Ready to see how easy it is to make your own clock?
Start with the base of your clock. What are you making it out of? Chose a piece of rectangular plywood the kind that could be stained nicely but that has grain and a nice appeal. If that’s not your style, consider tile (like vintage hexagonal tiles from the salvage shop), dinner plates (a fun addition to any kitchen) or obscure parts (I’ve seen them handmade out of bicycle wheels, on un-hung street signs and built within books, so that the hands pop through the cover).
Use a drill bit to create a space for the “I” shaft.

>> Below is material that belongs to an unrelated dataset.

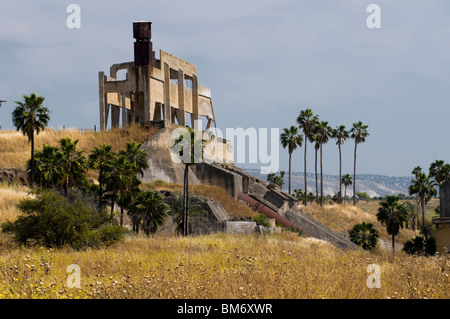 The old Rutenberg hydroelectric power-plant dating to 1932 at Naharayim or Baqoura where the Yarmouk River flows into the Jordan River in Israel Stock Photo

Note the thickness of what you are building onto — if your material is thin, you’ll have to fabricate a spacer to fit between the mechanism and the front of the clock so only a few of the threads on the “I” shaft show through the hole.
Assemble the clock hands per the instructions. It will take all of 60 seconds and it is very easy but the hands are fragile, so be gentle.
Once assembled, it will look complete and very similar to this (depending on whether or not you add a hand for the seconds, which is just a third hand added at the tip).
(Optional) The metal hands can be cut to length with metal snips if you desire a different look or if you need shorter hands to fit your project.
Trimmed to length, you can also change the way the tip of each hand looks.
When the finished clock is assembled, plug it in and test it out. If you overtighten the cap nut which forced the minute hand to move with each second, loosen it a quarter turn if that happens and it’ll be good to go, reliable as long as the electricity flows.